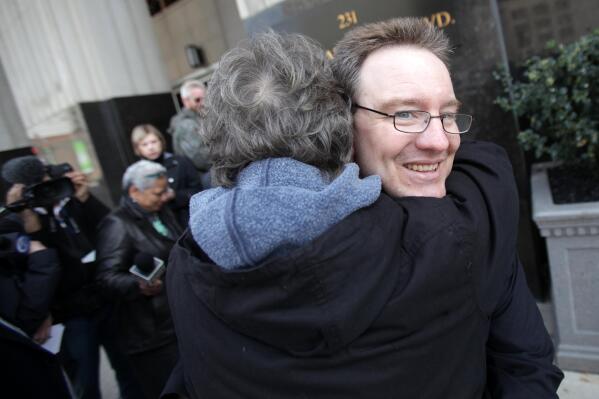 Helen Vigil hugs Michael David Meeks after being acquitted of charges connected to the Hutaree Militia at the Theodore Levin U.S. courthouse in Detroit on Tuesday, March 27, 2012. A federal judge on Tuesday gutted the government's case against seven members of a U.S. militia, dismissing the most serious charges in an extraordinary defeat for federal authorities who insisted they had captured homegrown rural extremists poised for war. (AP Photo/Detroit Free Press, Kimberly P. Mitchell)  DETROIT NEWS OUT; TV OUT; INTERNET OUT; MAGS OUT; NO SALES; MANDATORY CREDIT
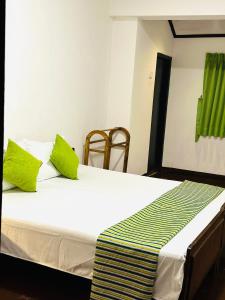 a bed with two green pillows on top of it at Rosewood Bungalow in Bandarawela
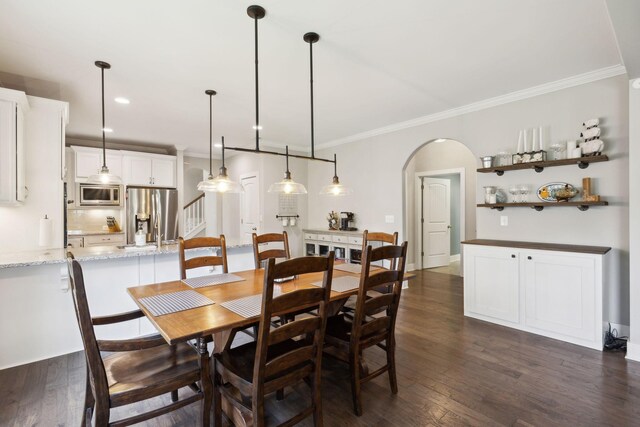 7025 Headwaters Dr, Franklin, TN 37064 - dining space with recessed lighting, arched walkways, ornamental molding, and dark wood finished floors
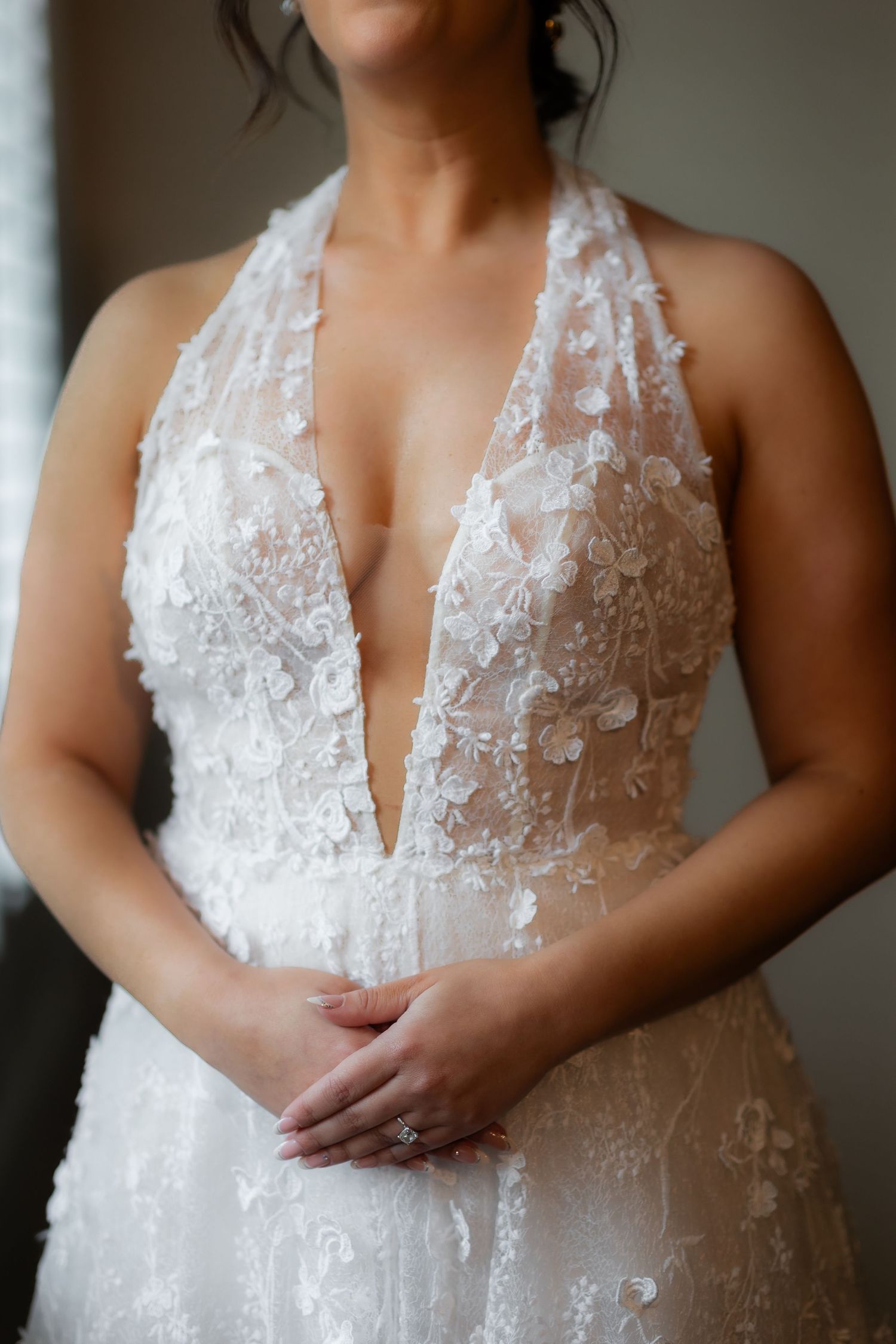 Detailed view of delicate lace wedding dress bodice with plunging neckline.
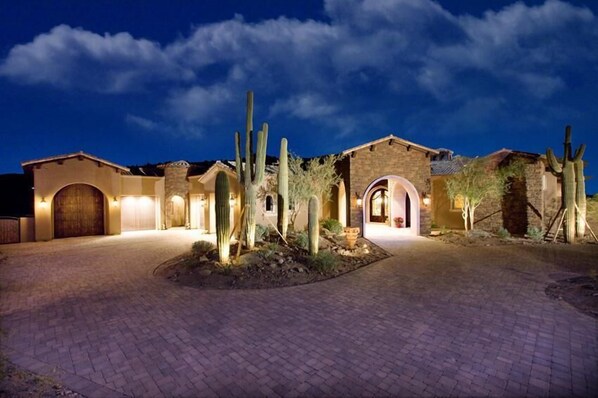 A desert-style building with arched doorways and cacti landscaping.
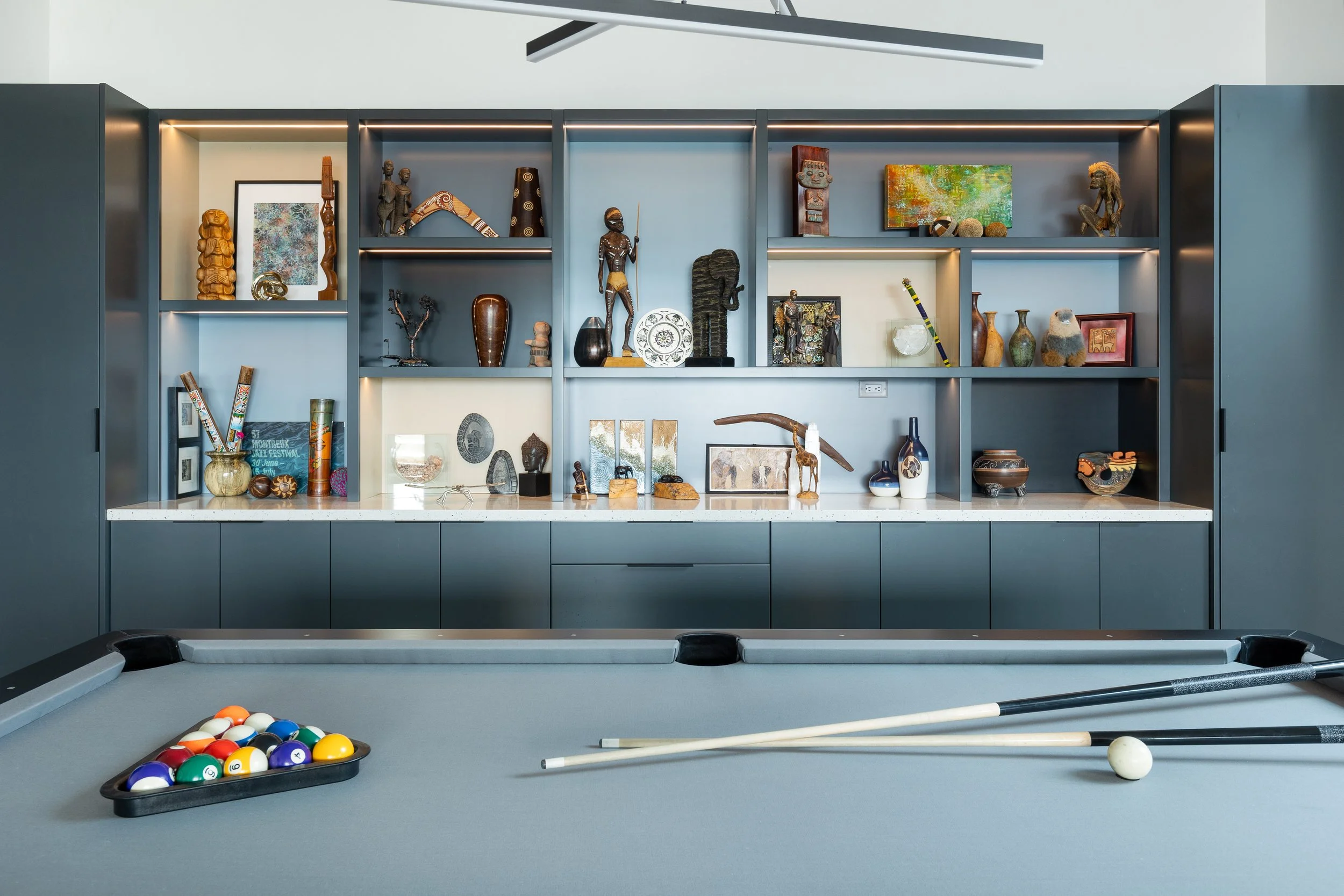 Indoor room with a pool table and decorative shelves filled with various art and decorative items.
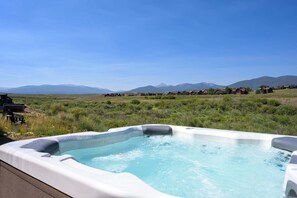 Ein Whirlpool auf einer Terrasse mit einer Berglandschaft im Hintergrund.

....

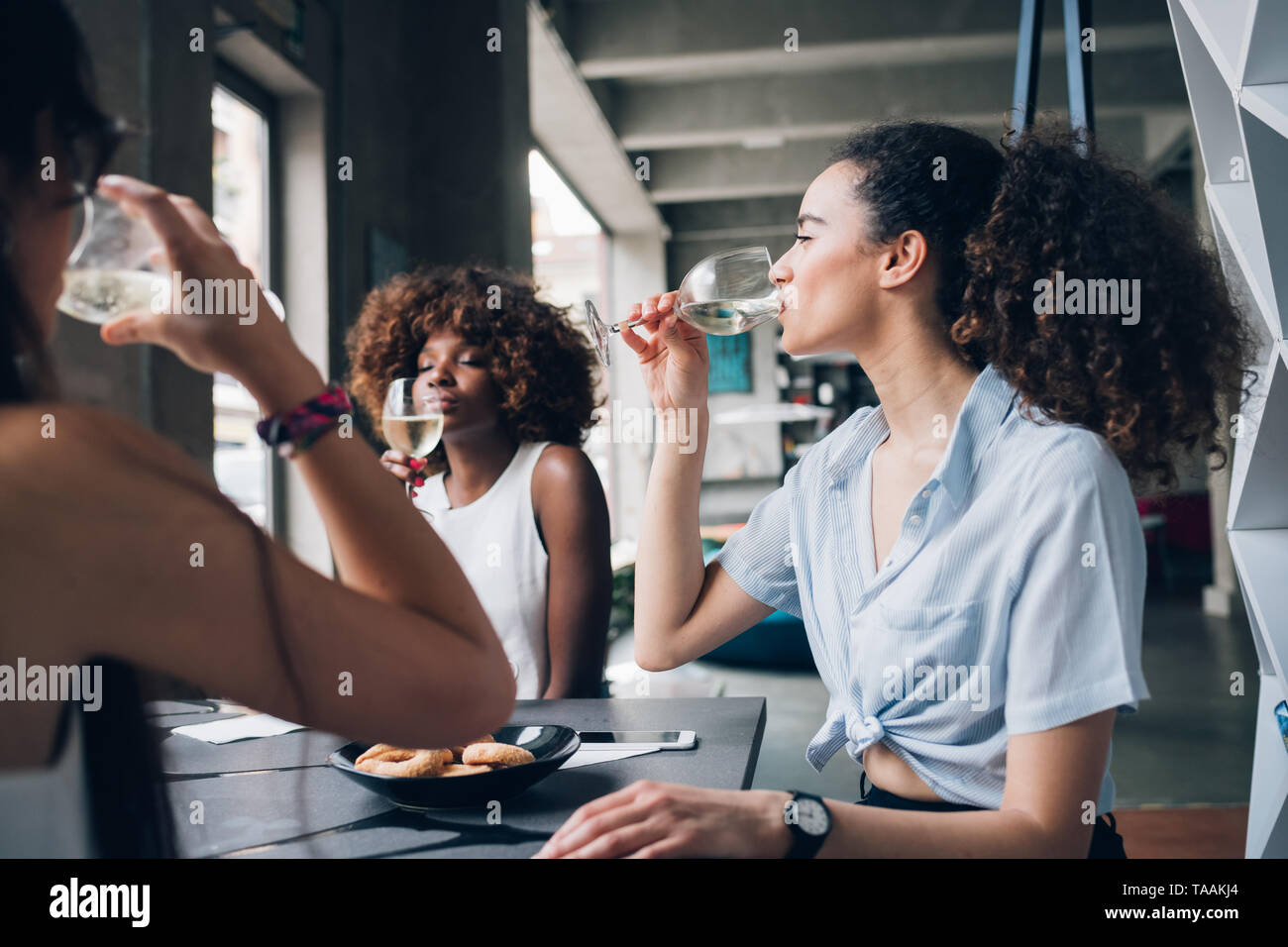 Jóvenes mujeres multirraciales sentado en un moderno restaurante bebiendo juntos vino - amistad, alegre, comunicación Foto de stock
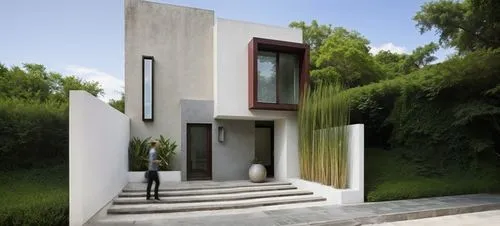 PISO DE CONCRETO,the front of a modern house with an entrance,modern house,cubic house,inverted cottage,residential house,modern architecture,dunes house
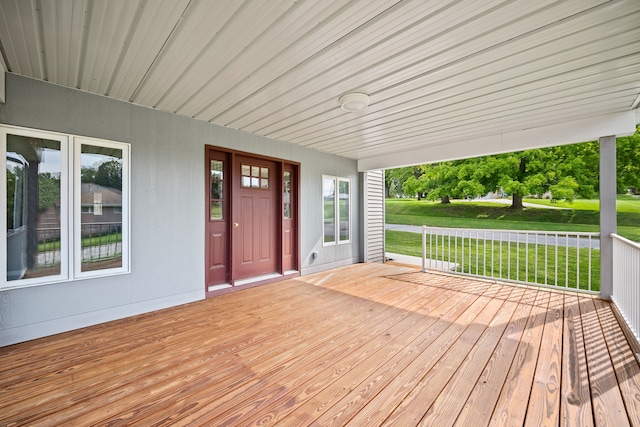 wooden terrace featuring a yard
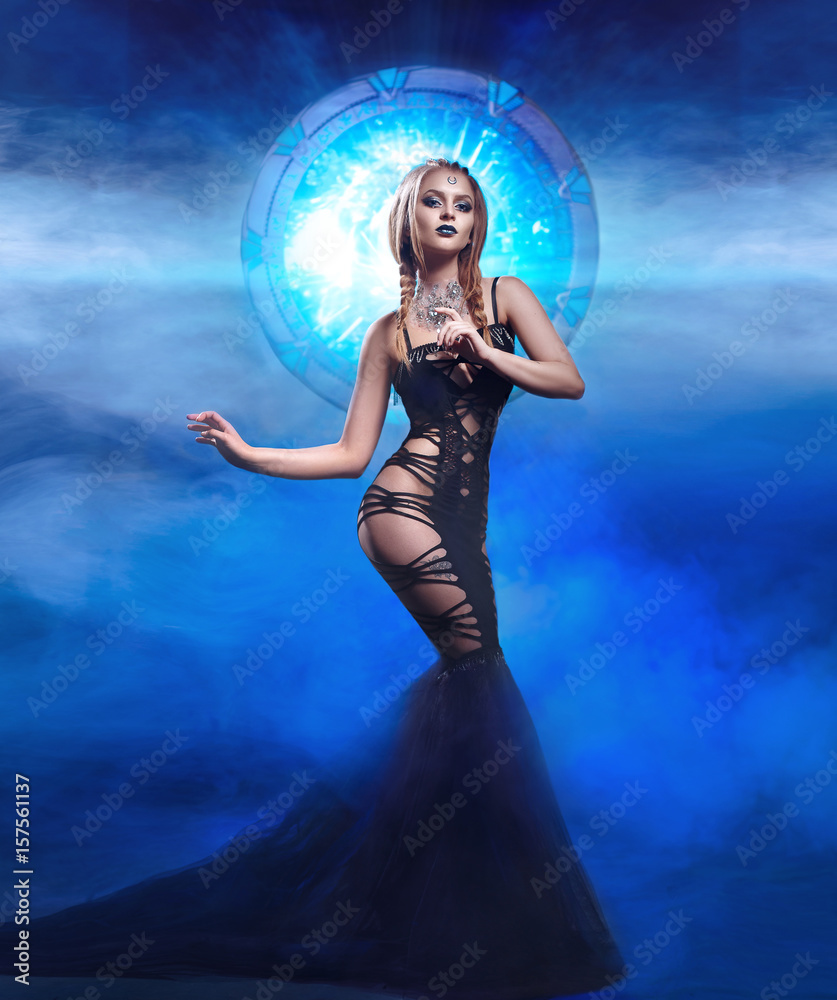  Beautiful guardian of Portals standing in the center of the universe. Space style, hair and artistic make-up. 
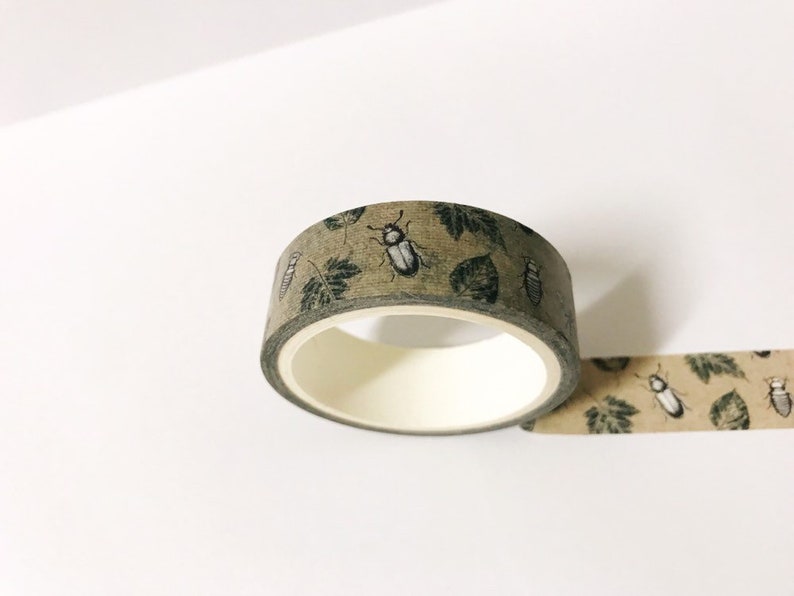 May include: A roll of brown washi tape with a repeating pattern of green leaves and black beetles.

....

» ASSIGNMENT
Above are the records. Copy only the lines from the one with "a bed with two" through the one with "Indoor room with", exactly, with no pictures.

» ANSWER SPACE
 a bed with two green pillows on top of it at Rosewood Bungalow in Bandarawela
 7025 Headwaters Dr, Franklin, TN 37064 - dining space with recessed lighting, arched walkways, ornamental molding, and dark wood finished floors
 Detailed view of delicate lace wedding dress bodice with plunging neckline.
 A desert-style building with arched doorways and cacti landscaping.
 Indoor room with a pool table and decorative shelves filled with various art and decorative items.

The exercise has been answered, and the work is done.